Hey, my name is John!
Retrograde: Legends is an open world, hard sci-fi space sim set in the near future where you fly and customize realistic spacecraft, expand your fleet, trade, mine, navigate, scavenge, pirate and conquer your way through our own solar system. Learn to master ships, orbital mechanics, tactics and economics inspired by concepts from real world science as your build your own solar empire.
Four months ago, I embarked on this passion project that has now become my full-time job. I'm thrilled to talk about it and share it with other sci-fi fans and space nerds. I'm looking forward to a Steam early access release within the next year.
What is the guiding vision for Retrograde?
Retrograde is a believable, living, breathing world, full of systematic encounters, tons of replayability and deep customization. The game is a varied storytelling experience that allows you to weave your own tales about your exploits and skills in a harsh and realistically simulated solar system. I want to feel like an intrepid ice-hauling Belter captain making my way through a hostile universe or the head of a hardened Martian separatist fleet burning downwell to recapture the Red Planet.
While there are many games and stories that have inspired Retrograde, this is a unique project that combines elements of hard sci-fi, sim gameplay, and an open world economy in our own, familiar, solar system.
What inspires Retrograde?
I'm a massive fan of science fiction, especially franchises that tell great stories with consistent science-based grounding behind them like The Expanse, Delta-V: Rings of Saturn and Children of a Dead Earth. Additionally, games like Sid Meier's Pirates, Spore and the Mount and Blade series have captivated my attention for years. I aim to create similarly immersive and enduring experiences with Retrograde.
Ships
Ships in Retrograde are inspired by real life and are all about managing and taking advantage of heat and momentum. If your ship gets too hot, it breaks down. You don't slow down unless you use your engines.
Ships are highly customizable and can be outfitted for a variety of gameplay styles. Running a really hot reactor? Insert more control rods or try out bigger radiators. Need more space to carry all the rocks you've mined out in the Belt? Add some more shipping containers. Keep getting ambushed by pirates? Try a different sensor set up.

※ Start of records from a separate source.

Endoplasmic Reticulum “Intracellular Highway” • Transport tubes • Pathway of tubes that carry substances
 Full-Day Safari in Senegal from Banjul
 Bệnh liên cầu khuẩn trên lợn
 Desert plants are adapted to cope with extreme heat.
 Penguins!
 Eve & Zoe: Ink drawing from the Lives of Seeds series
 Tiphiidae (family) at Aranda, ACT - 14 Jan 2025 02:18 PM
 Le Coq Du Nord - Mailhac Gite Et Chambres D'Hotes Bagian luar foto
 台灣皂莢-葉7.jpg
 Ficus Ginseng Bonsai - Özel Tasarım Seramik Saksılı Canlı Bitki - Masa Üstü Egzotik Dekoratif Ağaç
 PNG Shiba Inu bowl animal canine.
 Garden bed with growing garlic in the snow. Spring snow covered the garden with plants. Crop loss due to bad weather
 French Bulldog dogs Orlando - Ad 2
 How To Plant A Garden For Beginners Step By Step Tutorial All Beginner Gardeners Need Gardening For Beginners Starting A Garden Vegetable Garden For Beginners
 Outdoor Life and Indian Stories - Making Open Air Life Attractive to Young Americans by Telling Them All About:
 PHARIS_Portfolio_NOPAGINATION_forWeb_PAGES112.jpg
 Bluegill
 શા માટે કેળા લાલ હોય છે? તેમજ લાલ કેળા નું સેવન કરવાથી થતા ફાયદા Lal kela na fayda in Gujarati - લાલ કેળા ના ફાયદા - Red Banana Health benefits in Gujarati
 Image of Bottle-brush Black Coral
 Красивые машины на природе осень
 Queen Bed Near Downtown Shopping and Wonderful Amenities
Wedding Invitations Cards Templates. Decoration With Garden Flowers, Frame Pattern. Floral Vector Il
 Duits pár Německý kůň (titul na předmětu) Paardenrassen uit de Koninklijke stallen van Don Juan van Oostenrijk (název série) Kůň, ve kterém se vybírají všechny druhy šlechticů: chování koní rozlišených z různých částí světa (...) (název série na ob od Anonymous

Retrograde's economy is a living, breathing entity, driven by supply and demand. The game world responds to resource availability and the distribution of vital goods, like food, water, medicine and a variety of materials needs for manufacturing.
Population centers grow, shrink or revolt based on how much food, water and medicine they are receiving. A clever captain can play the market to make a fortune or find weak spots in an opposing faction's economy to destabilize their fleets' ability to refuel, rearm or recruit by disrupting critical supply chains which connect the system's space stations.
Each station in the solar system purchases raw materials and items to manufacture goods, which are used to build or upgrade ships and are shipped around the solar system by NPC traders to be sold and used elsewhere.
If, for example, you capture a merchant vessel carrying precious metals from Ceres to Saturn, the cost of electronics in the outer planets may spike in several days as the raw materials expected to be shipped in never reached their destination. This might make it difficult for local fleets to repair their ships, forcing them to search further away for parts, sparking conflict with a neighboring faction.
This type of dynamic, systemic gameplay is fascinating to me and provides a solid base for really fun storytelling.
Characters / Factions
Characters in Retrograde are as dynamic as the world they inhabit. NPCs are procedurally generated and can form their own relationships, histories and memories, all driven by cultural traits inherited from their planet or society of origin.
You may encounter a former crew member that you fired years ago as a captain in another faction's fleet or a merchant aboard an orbital station might refuse to do business with you because of your attacks against their culture's ships.
Our solar system is also inhabited by a variety of spacefaring factions, all vying for control over the crucial resources, trade hubs and supply chains that fuel humanity's expansion across the planets. These interactions add another layer of immersion to the world of Retrograde.
Project Status
After the last four months of solo, full-time development, many of Retrogrades core mechanics are built but there's still plenty to do. Over the coming months, I'll share updates about development progress, new mechanics, content and features and insights into how the game evolves over time.